Depositors of failed banks in the country are to share N105 billion
just as the Central Bank of Nigeria (CBN) has approved the liquidation
of 83 licensed microfinance banks, the Managing Director, Nigeria
Deposit Insurance Corporation (NDIC), Umaru Ibrahim, said yesterday.
The NDIC boss disclosed that there are up to 900 microfinance banks
in operation of which 83 have been listed for liquidation, adding that
plans were on to regulate mobile banking in the country.
Ibrahim disclosed this when he appeared before the Senate Committee
on Banking, Insurance and other Financial Institutions, to defend the
Corporation’s budget. He did not give the number of depositors of the
failed banks that will share the N105 billion.
On the closure of 83 microfinance banks, the NDIC boss said that it
was discovered that some of the banks, “existed only on paper” while
some were being used to defraud Nigerians.
“Some assets of the banks will also be sold.
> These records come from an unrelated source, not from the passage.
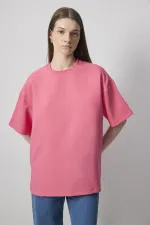 T-SHIRT EN CRÊPE À MANCHES COURTES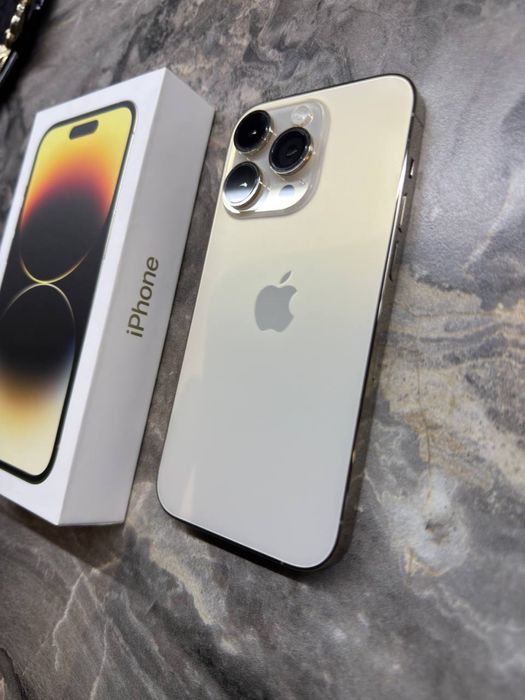 Iphone 14 pro gold 128gb 87% ideal karobka bor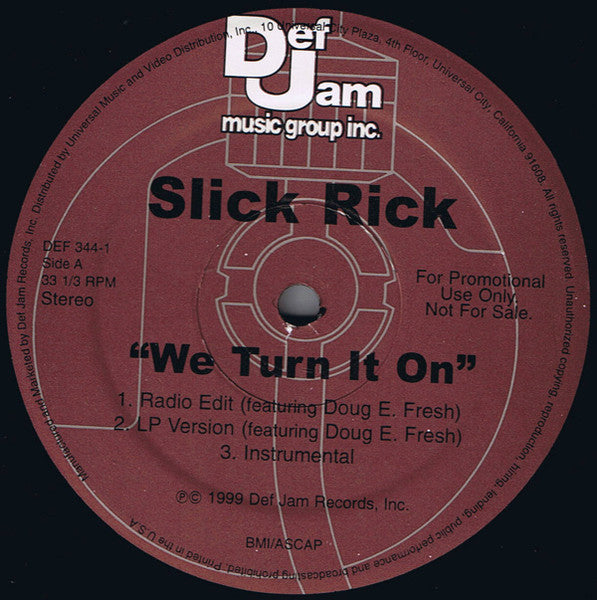Slick Rick - We Turn It On [Vinyl] (Vinyl)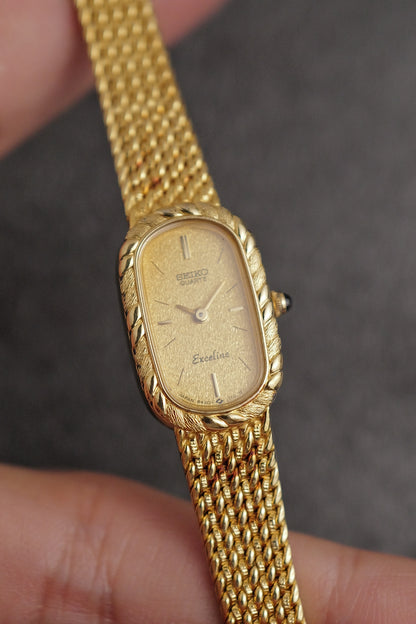 Seiko Mini Exceline Oval "Ribbon" Circa. 1983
There is no doubt that
the operations of some of the microfinance banks have become epileptic”
he said.
Ibrahim said that the NDIC was already working to determine the
number of depositors and how much each deposited in the banks in order
to pay them.
Some assets of the banks, he said, would also be sold.
“Funding gap is what we do to prepare for the rainy day. We hope and
pray that the rainy day does not come but any insurance should prepare
for the rainy day. As we speak, no bank benefited from the fund in
2013.”
On ‘dollarisation’ of the economy by speculators, he said that the
issue was being looked into by the CBN to ensure that it does not affect
the economy.
He informed lawmakers that the corporation also tried to pay depositors of institutions that had been liquidated.
“We have stepped up awareness and campaigns about our activities to
make sure that members of the public put up claims of their locked-up
deposits in liquidated financial institutions. We appointed some banks
as agents with the assistance of our various zonal offices that we had
established in various parts of the country.”
On regulation of mobile banking he said: “The depositors of the
institutions offering mobile banking needed to be identified and
protected.The whole essence of this is that if we have millions of such
people sending and collecting money through mobile banking system, we
want to ensure that in event of any crisis, they are covered.
“Unless they have that assurance of being covered, you don’t expect
them to accept to participate in this revolutionary project that is
coming on board.”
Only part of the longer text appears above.